Tutorial: Migrate captured Event Hubs data to Azure Synapse Analytics using Event Grid and Azure Functions
Azure Event Hubs Capture enables you to automatically capture the streaming data in Event Hubs in an Azure Blob storage or Azure Data Lake Storage. This tutorial shows you how to migrate captured Event Hubs data from Storage to Azure Synapse Analytics by using an Azure function that's triggered by Event Grid.
This diagram depicts the workflow of the solution you build in this tutorial:
- Data sent to an Azure event hub is captured in an Azure blob storage.
- When the data capture is complete, an event is generated and sent to Azure Event Grid.
- Azure Event Grid forwards this event data to an Azure function app.
- The function app uses the blob URL in the event data to retrieve the blob from the storage.
- The function app migrates the blob data to an Azure Synapse Analytics.
In this article, you take the following steps:
- Deploy the required infrastructure for the tutorial
- Publish code to a Functions App
- Create an Event Grid subscription
- Stream sample data into Event Hubs
- Verify captured data in Azure Synapse Analytics
Prerequisites
To complete this tutorial, you must have:
- An Azure subscription. If you don't have an Azure subscription, create a Trial before you begin.
- Visual studio with workloads for: .NET desktop development, Azure development, ASP.NET and web development, Node.js development, and Python development.
- Download the EventHubsCaptureEventGridDemo sample project to your computer.
- WindTurbineDataGenerator - A simple publisher that sends sample wind turbine data to a capture-enabled event hub
- FunctionDWDumper - An Azure Function that receives a notification from Azure Event Grid when an Avro file is captured to the Azure Storage blob. It receives the blob’s URI path, reads its contents, and pushes this data to Azure Synapse Analytics (dedicated SQL pool).
Deploy the infrastructure
In this step, you deploy the required infrastructure with a Resource Manager template. When you deploy the template, the following resources are created:
- Event hub with the Capture feature enabled.

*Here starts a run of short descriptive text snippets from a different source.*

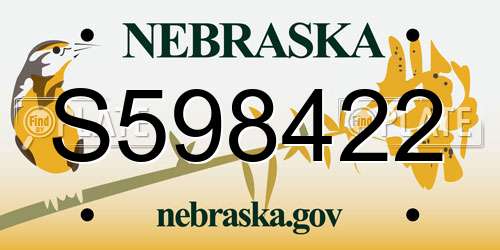S598422 Nebraska License Plate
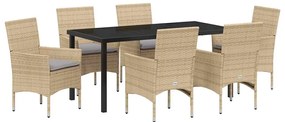 vidaXL Σέτ φαγητού για κήπο με μαξιλάρι 7 pcs Μπεζ συνθετικό ρατάν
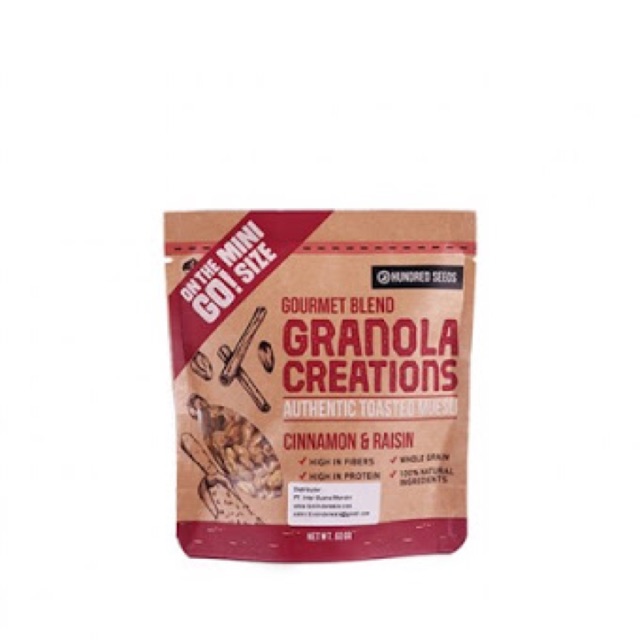 

Granola creations cinnamon raisins mini size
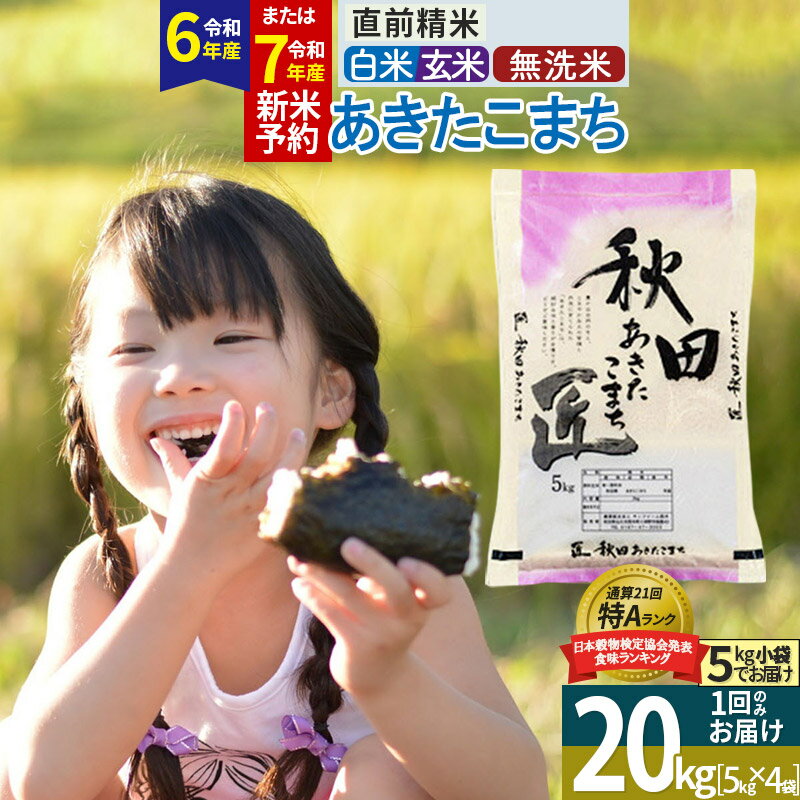 【ふるさと納税】【白米/玄米/無洗米 選べる】＜新米＞秋田県産 あきたこまち 20kg (5kg×4袋) 20キロ お米 令和5年産 配送時期選べるのサムネイル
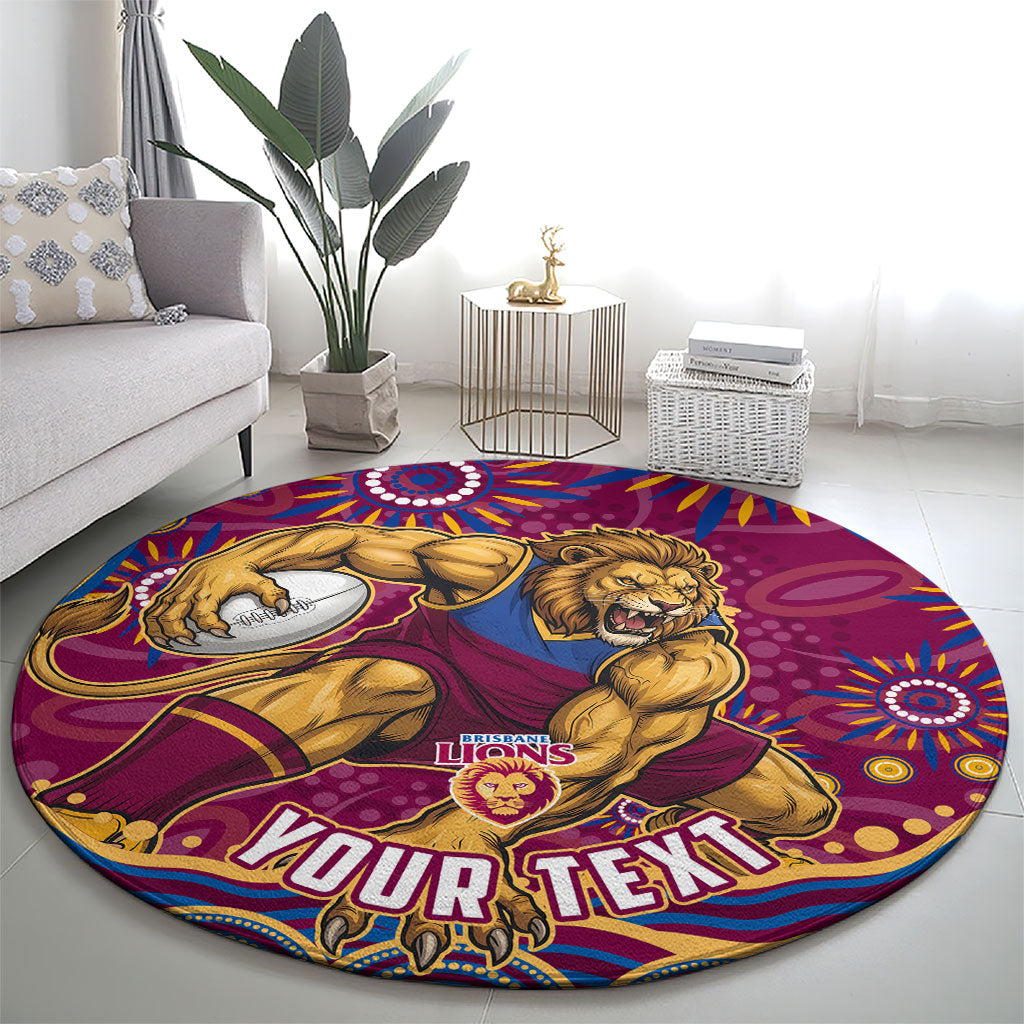 Personalized Brisbane Lions AFL Mascot Round Carpet Aboriginal Dot Art - Dreamtime Football Mascot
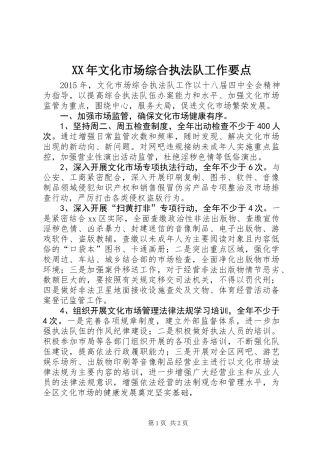 XX年文化市场综合执法队工作要点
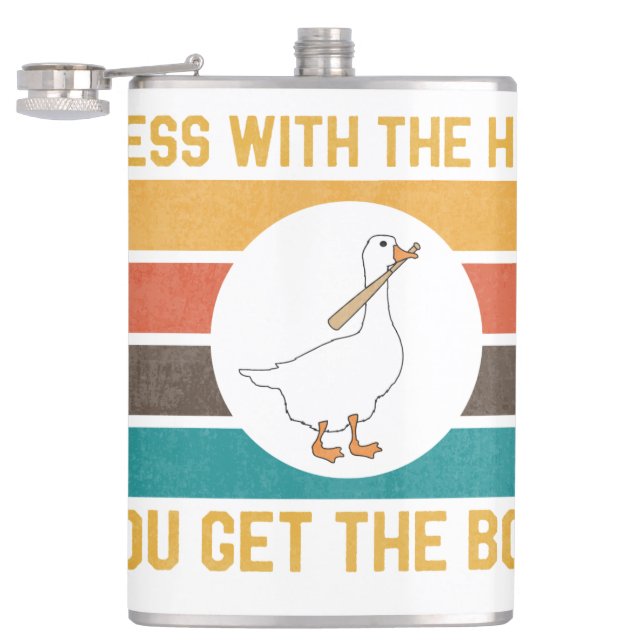Funny Goose Mess With The Honk You Get The Bon Flask (Opened)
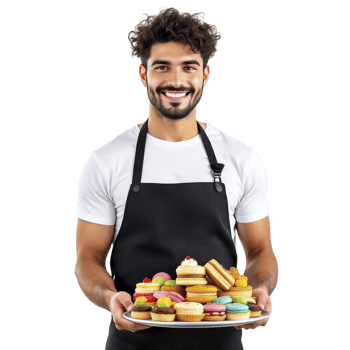 A man in an apron holding a tray with various pastries png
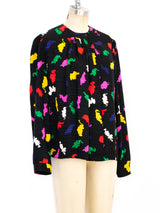 Abstract Printed Silk Blouse Top arcadeshops.com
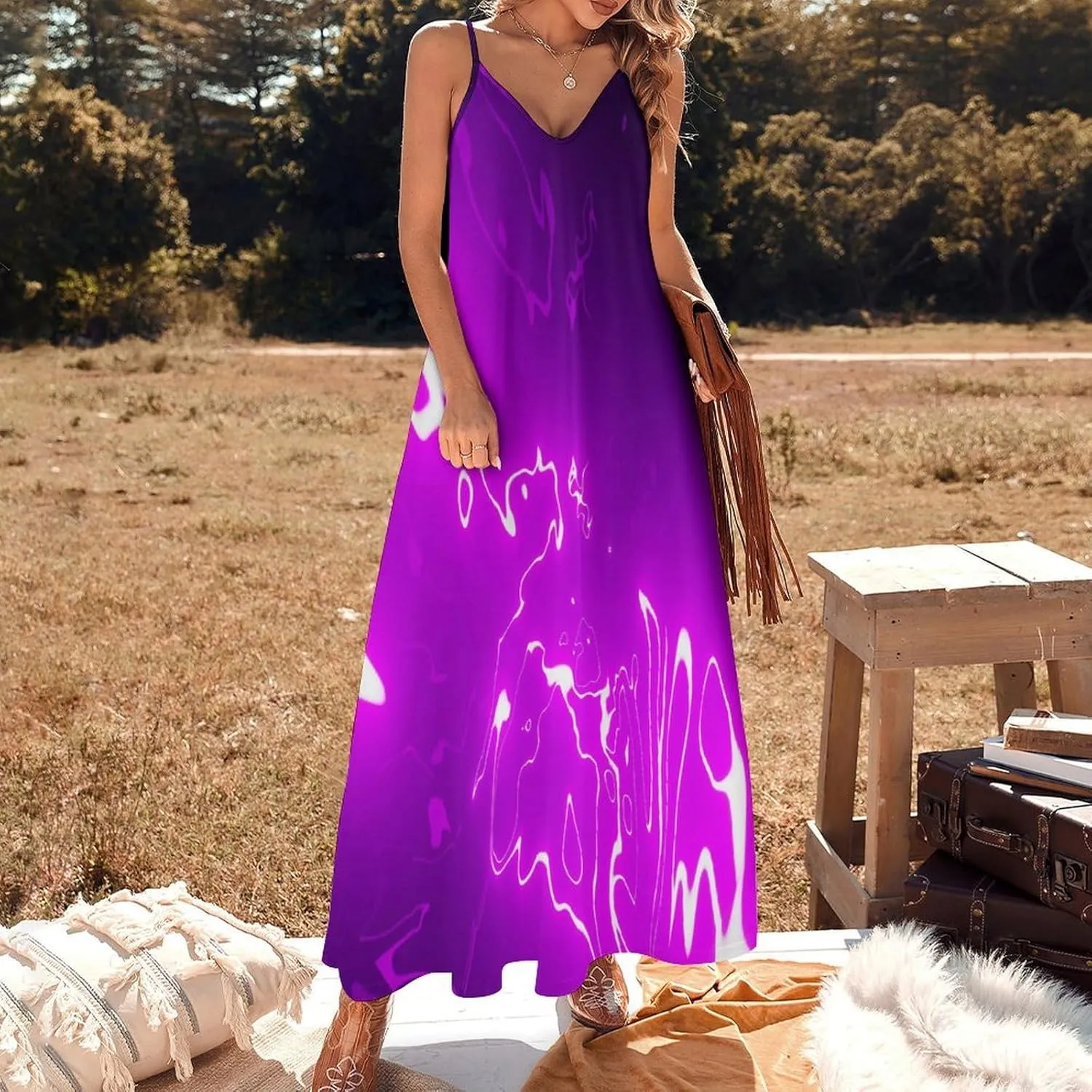 Lightning Star Cute Women's Casual Maxi Dresses Summer Spaghetti Straps Long Sleeveless Dress Sundress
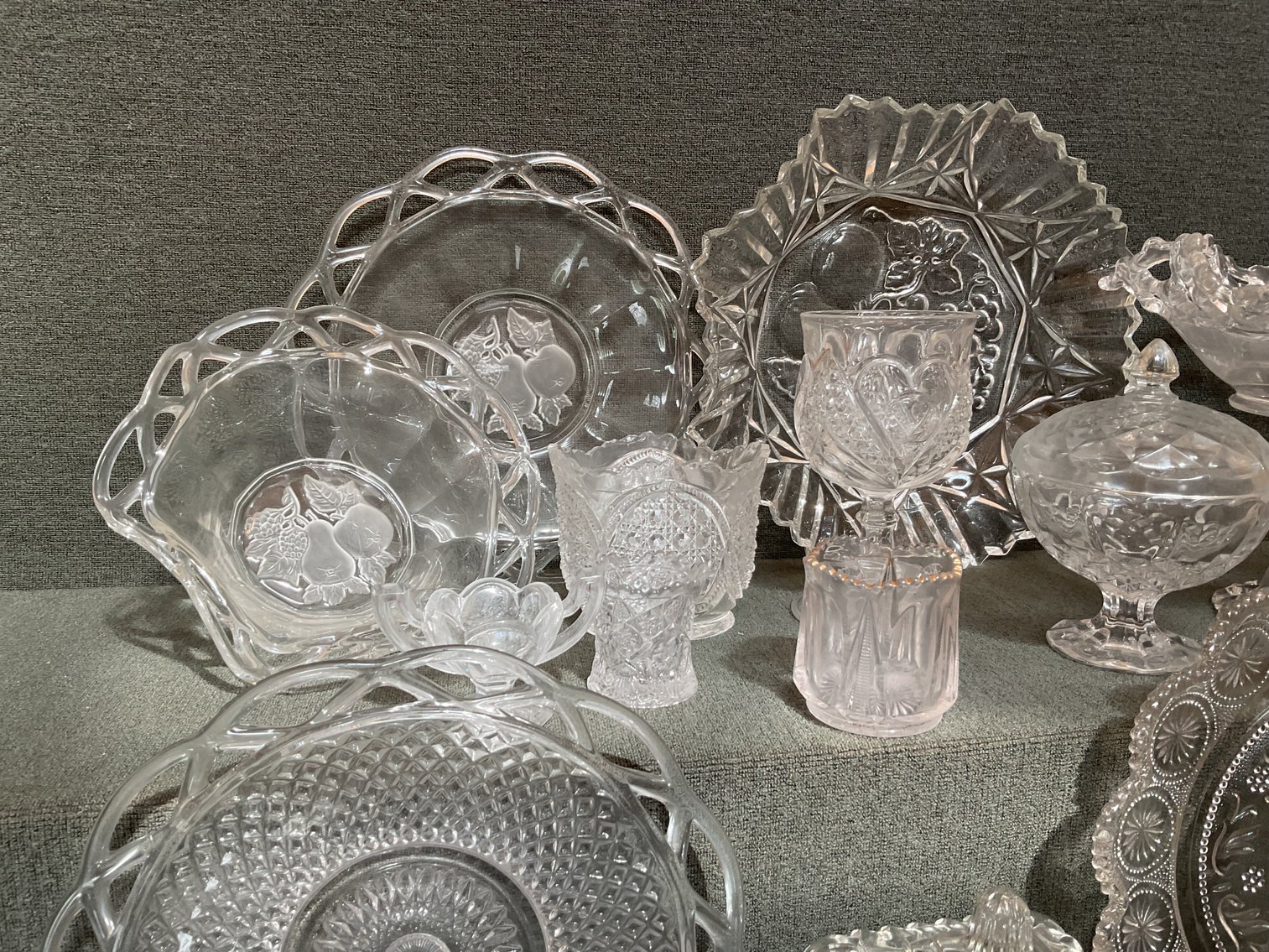 Image for Large Lot of Pressed Glass
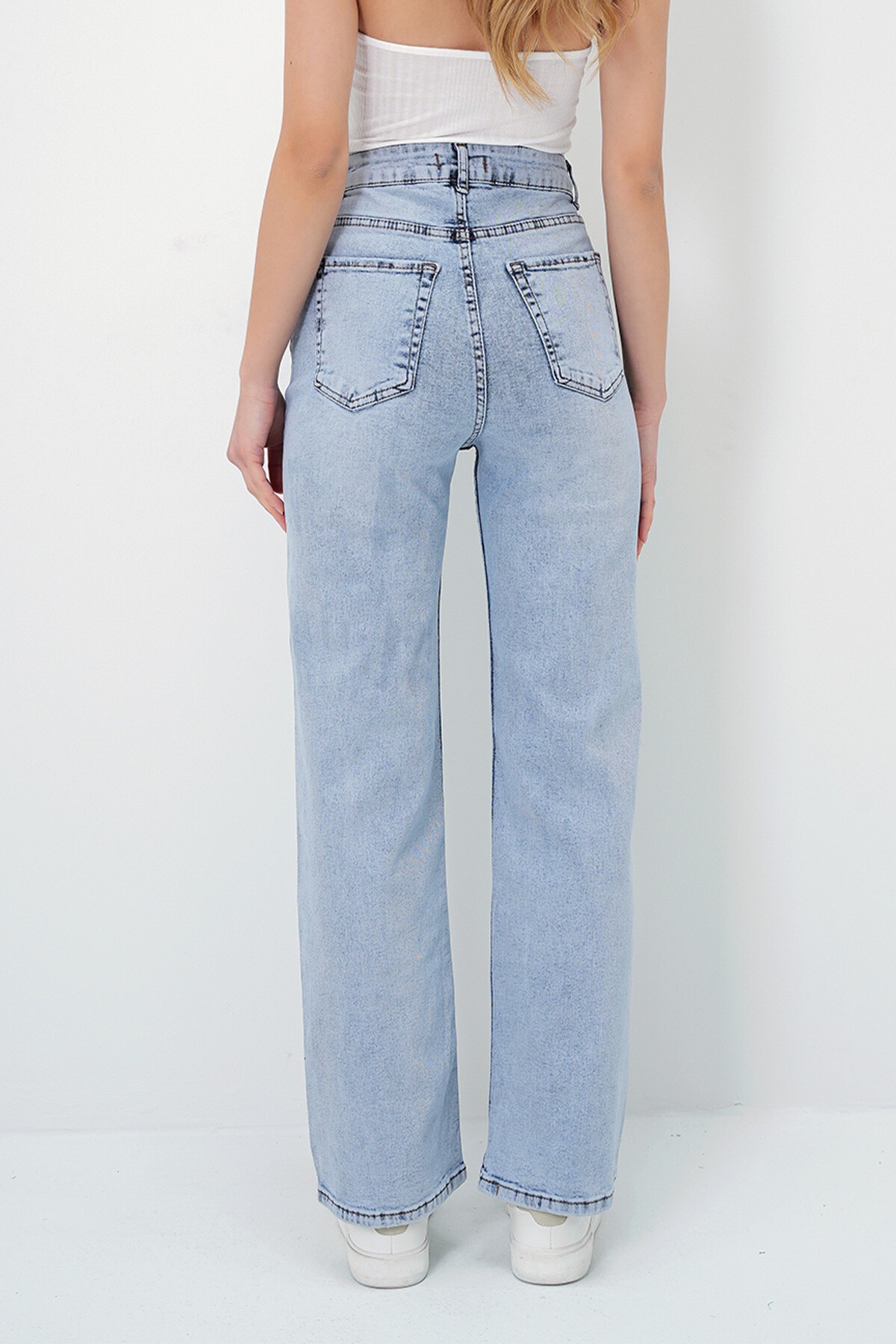 Buz Mavi Yüksek Bel Yıkamalı Wide Leg Jean Pantolon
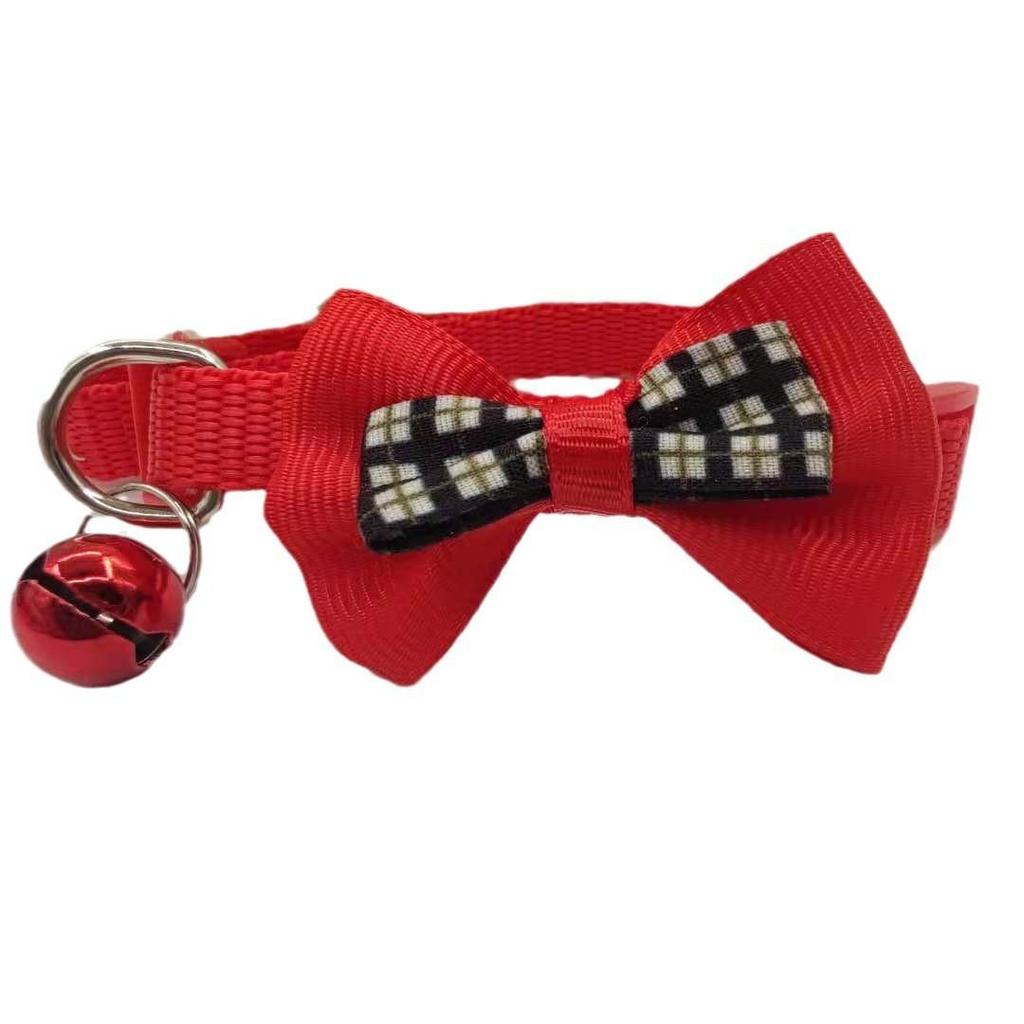 Cute Cat Collar With Bell Pet Collar Pendant Adjustable Bow Tie Beautiful Collar Christmas Pets Gift Pet Accessories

- Storage account for the captured files.
- App service plan for hosting the function app
- Function app for processing the event
- SQL Server for hosting the data warehouse
- Azure Synapse Analytics (dedicated SQL pool) for storing the migrated data
Use Azure CLI to deploy the infrastructure
- Create an Azure resource group by running the following CLI command:
Copy and paste the following command into the CLI window. Change the resource group name and location if you want.
az group create -l chinaeast2 -n rgDataMigration
Press ENTER.
Here's an example:
user@Azure:~$ az group create -l chinaeast2 -n rgDataMigration { "id": "/subscriptions/00000000-0000-0000-0000-0000000000000/resourceGroups/rgDataMigration", "location": "chinaeast2", "managedBy": null, "name": "rgDataMigration", "properties": { "provisioningState": "Succeeded" }, "tags": null }
- Deploy all the resources mentioned in the previous section (event hub, storage account, functions app, Azure Synapse Analytics) by running the following CLI command:
Copy and paste the command into the CLI window. Alternatively, you may want to copy/paste into an editor of your choice, set values, and then copy the command to the CLI.
Important
Specify values for the following entities before running the command:
- Name of the resource group you created earlier.
- Name for the event hub namespace.
- Name for the event hub. You can leave the value as it is (hubdatamigration).
- Name for the SQL server.
- Name of the SQL user and password.
- Name for the database.
- Name of the storage account.
- Name for the function app.
az deployment group create \ --resource-group rgDataMigration \ --template-uri https://raw.githubusercontent.com/Azure/azure-docs-json-samples/master/event-grid/EventHubsDataMigration.json \ --parameters eventHubNamespaceName=<event-hub-namespace> eventHubName=hubdatamigration sqlServerName=<sql-server-name> sqlServerUserName=<user-name> sqlServerPassword=<password> sqlServerDatabaseName=<database-name> storageName=<unique-storage-name> functionAppName=<app-name>
Press ENTER in the CLI window to run the command. This process may take a while since you're creating a bunch of resources. In the result of the command, ensure that there have been no failures.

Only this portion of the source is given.